DİP'li öğrencilerden 6 Kasım'a çağrı
Devrimci İşçi Partili öğrenciler üniversiteyi bir anonim şirket haline getirmeyi amaçlayan yeni YÖK yasasına karşı öğrencileri 6 Kasım'da eyleme çağırıyor. Üniversite A.Ş.'ye geçit yok diyen DİP'li öğrenciler diğer öğrenci gruplarıyla birlikte Saat 12:00'de Çapa Tıp Fakültesi önünde buluşarak Beyazıt meydanına yürüyecek. Eğitim-Sen Üniversiteler Şubesi de 6 Kasım'da Yeni YÖK yasasına ve Üniversite A.Ş.'ye karşı Beyazıt Meydanı'nda olacak. Aşağıda DİP'li öğrencilerin üniversitelerde dağıttığı çağrı bildirisini yayınlıyoruz.
Bizim ne derdimiz var da çıkıyoruz sokağa? Peki, neden sen de YÖK’ü dert edinip, yürümelisin bizimle?
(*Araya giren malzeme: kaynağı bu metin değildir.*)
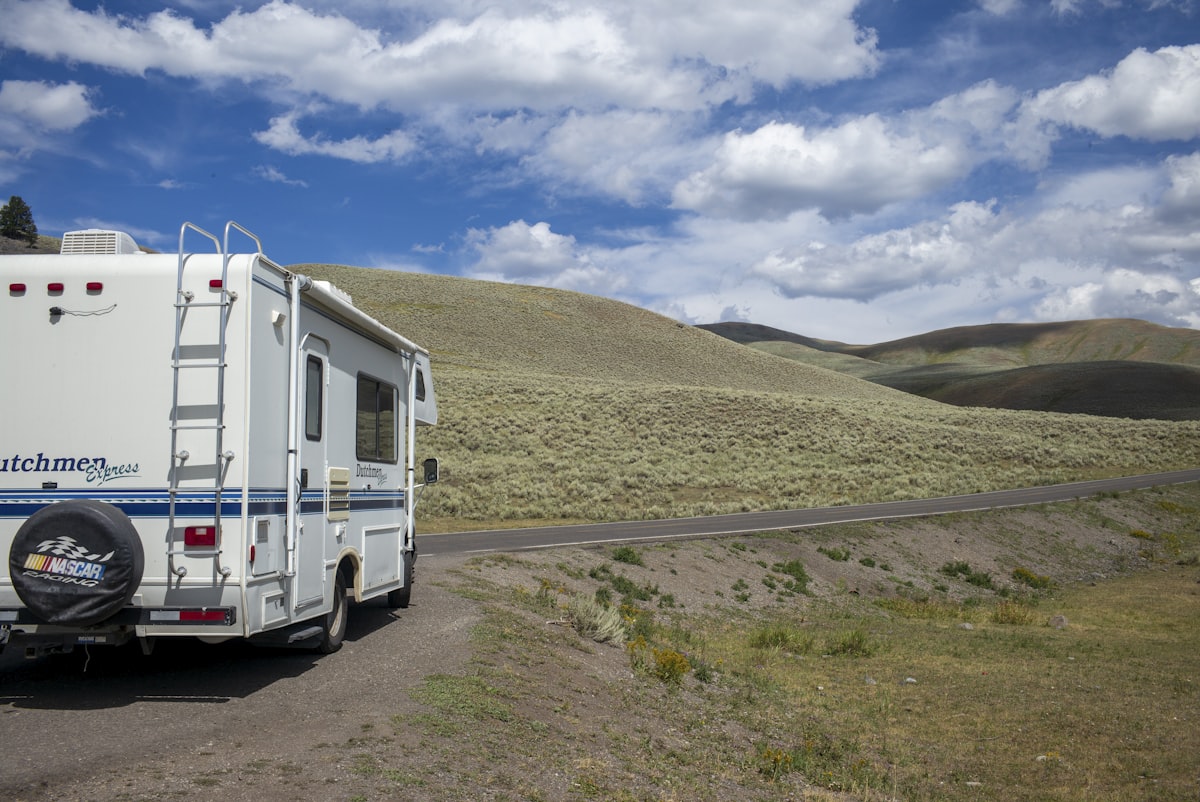 Rv parked on a dirt road with rolling hills. related to Choosing the Best Ladder for Your RV Bunk Bed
YÖK, 12 Eylül 1980 askeri darbesinin ardından “bugüne kadar hep işçiler güldü, gülme sırası artık bizde” diyen patronların çıkarlarını korumak için ve onlara hizmet edecek bir nesil yetiştirmek için “yükseköğretimde koordinasyonu sağlamak” adı altında 6 Kasım 1981 de kuruldu. Kurulduğundan beri de patronlar sınıfının, işçi sınıfına karşı bir baskı ve sindirme aracı işlevini gördü. Bugün ise YÖK, üniversitelerde piyasalaştırmanın, ticarileştirmenin, bilim emekçilerini şirketlere eleman yapmanın, öğrencileri müşteri gibi gören uygulamaların taşıyıcısıdır. Son dönemde yemekhane fiyatlarının artması, öğrenci kimlikleriyle banka kartlarının birleştirilmesi, teknokentlerin açılması bunlara sadece birkaç örnektir.
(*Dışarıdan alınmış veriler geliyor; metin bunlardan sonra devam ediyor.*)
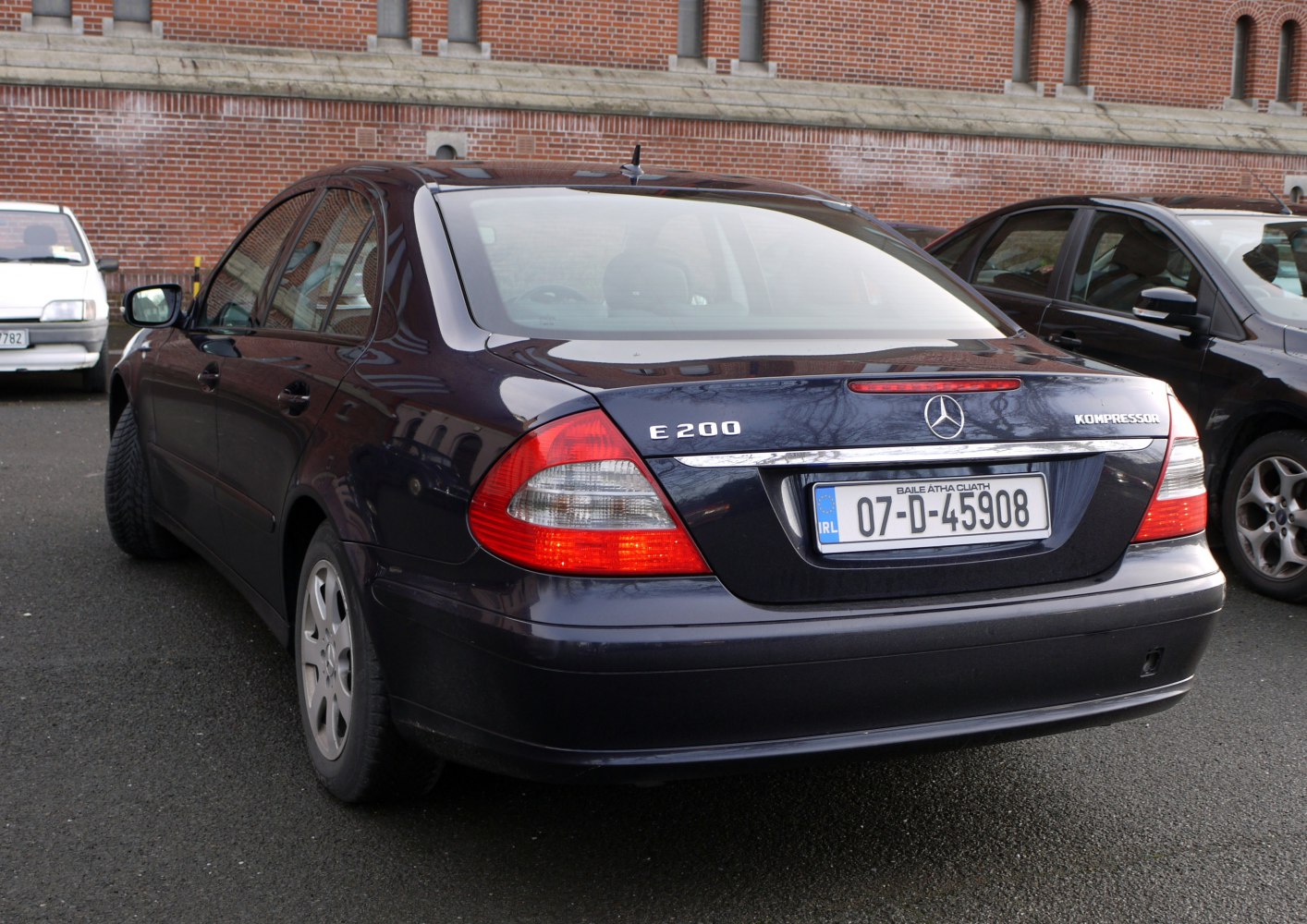 Rear view of a luxury sedan with E200 Kompressor badge and distinct tail lights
Yaklaşan ekonomik krize, en başta Sendikalar ve Toplu İş İlişkileri Kanunu olmak üzere birçok alanda hazırlık yapan patronlar sınıfı, üniversiteleri de bu krizi karşılayacak şekilde kendi çıkarlarına göre dönüştürmenin peşindeler. Üstelik YÖK’ün yeteri kadar esnek olmadığından da şikayetçiler. Onlar, finansal esneklik ve rekabet imkânlarının geliştirilmesi adı altında gittikçe ticarileşen, akademik performans adı altında bilimsel çalışmaların patronlar çıkarına denetlenmesinin yolunun açıldığı, güvencesiz çalışmanın kol gezdiği, bilim emekçilerini çeşitli projelerle sermaye çıkarına araştırma yapmaya teşvik eden ve üniversitelerin yönetimindeki konseylerde, bulunduğu ilde en çok vergi veren veya üniversiteye en çok bağış yapan patronların da bulunduğu bir üniversite istiyorlar. YÖK tarafından hazırlanan yeni YÖK yasa taslağı ile üniversiteleri tamamen ticarethaneye dönüştürmek ve bir anonim şirket gibi yönetmek istiyorlar. Bu bir sınıf saldırısıdır! Bu saldırıyı Batıcı – Laikiyle, İslamcısıyla topyekün patronlar sınıfı başlatmıştır. Sadece AKP ‘nin değil CHP, MHP ve diğer patron partilerinin çıkarları da eğitimin ticarileştirilmesinden geçmektedir!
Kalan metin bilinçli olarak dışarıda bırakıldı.